Pull Request Quantifier

.NET Core Build Nuget codecov

A highly customizable framework to quantify a pull request within a repository context to drive a optimal PR experience.

Install our free GitHub App

VSCode extension

Highlights

  • Counts pull request changes with high accuracy
  • Uses git history to provide a repository level context to the pull request
  • Provides customizations through a yaml file for fine grained behavior control

Prerequisites

Why proper sizing of changes matters

Optimal pull request sizes drive a better predictable PR flow as they strike a balance between between PR complexity and PR review overhead. PRs within the optimal size (typical small, or medium sized PRs) mean:

  • Fast and predictable releases to production:
    • Optimal size changes are more likely to be reviewed faster with fewer iterations.
    • Similarity in low PR complexity drives similar review times.
  • Review quality is likely higher as complexity is lower:
    • Bugs are more likely to be detected.
    • Code inconsistencies are more likely to be detected.
  • Knowledge sharing is improved within the participants:
    • Small portions can be assimilated better.
  • Better engineering practices are exercised:
    • Solving big problems by dividing them in well contained, smaller problems.
    • Exercising separation of concerns within the code changes.

What can I do to optimize my changes

  • Use the PullRequestQuantifier to quantify your PR accurately
    • Create a context profile for your repo using the context generator
    • Exclude files that are not necessary to be reviewed or do not increase the review complexity. Example: Autogenerated code, docs, project IDE setting files, binaries, etc. Check out the Excluded section from your prquantifier.yaml context profile.
    • Understand your typical change complexity, drive towards the desired complexity by adjusting the label mapping in your prquantifier.yaml context profile.
    • Only use the labels that matter to you, see context specification to customize your prquantifier.yaml context profile.
  • Change your engineering behaviors
    • For PRs that fall outside of the desired spectrum, review the details and check if:
      • Your PR could be split in smaller, self-contained PRs instead
      • Your PR only solves one particular issue. (For example, don't refactor and code new features in the same PR).

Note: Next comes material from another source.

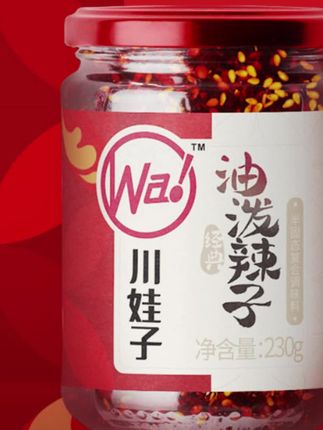 油泼辣子红油辣椒酱辣椒油凉拌菜调料拌面蘸水饺子#辣椒油#油泼辣子#美食 #香辣好吃 #辣椒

How to interpret the change counts in git diff output

  • One line was added: +1 -0
  • One line was deleted: +0 -1
  • One line was modified: +1 -1 (git diff doesn't know about modified, it will interpret that line like one addition plus one deletion)
  • Change percentiles: Change characteristics (addition, deletion, modification) of this PR in relation to all other PRs within the repository.

Clients

The following open source clients are supported:

- Name Example
CLI
Visual Studio
GitHub

How to develop new clients

Three steps

  1. Load the context, if available
  2. Call Quantifier
  3. Output the results
// 1. point to the context file (with behavior specification)
var contextFile = "path/to/context/file/prquantifier.yaml";

// 2. quantify local git repository

var quantifyClient = new QuantifyClient(contextFile);
var quantifierResult = await quantifyClient.Compute("path/to/local/git/repo");

// 3. output the results
Console.WriteLine(quantifierResult.Label);
Console.WriteLine(quantifierResult.QuantifiedLinesAdded);
Console.WriteLine(quantifierResult.QuantifiedLinesDeleted);

Context customization

See context specification for details of the yaml-based customization.

Download latest version of context generator and run it from the command line inside a git repository.

Developing

PullRequestQuantifier uses `netstandard2.1` for the main library(PullRequestQuantifier.Client) and `net5.0` for the unit tests (Xunit).

Coding guidelines

Build

From the root directory

dotnet build .\PullRequestQuantifier.sln

Test

From the root directory

dotnet test .\PullRequestQuantifier.sln

Contributing

This project welcomes contributions and suggestions. Most contributions require you to agree to a Contributor License Agreement (CLA) declaring that you have the right to, and actually do, grant us the rights to use your contribution. For details, visit https://cla.opensource.microsoft.com.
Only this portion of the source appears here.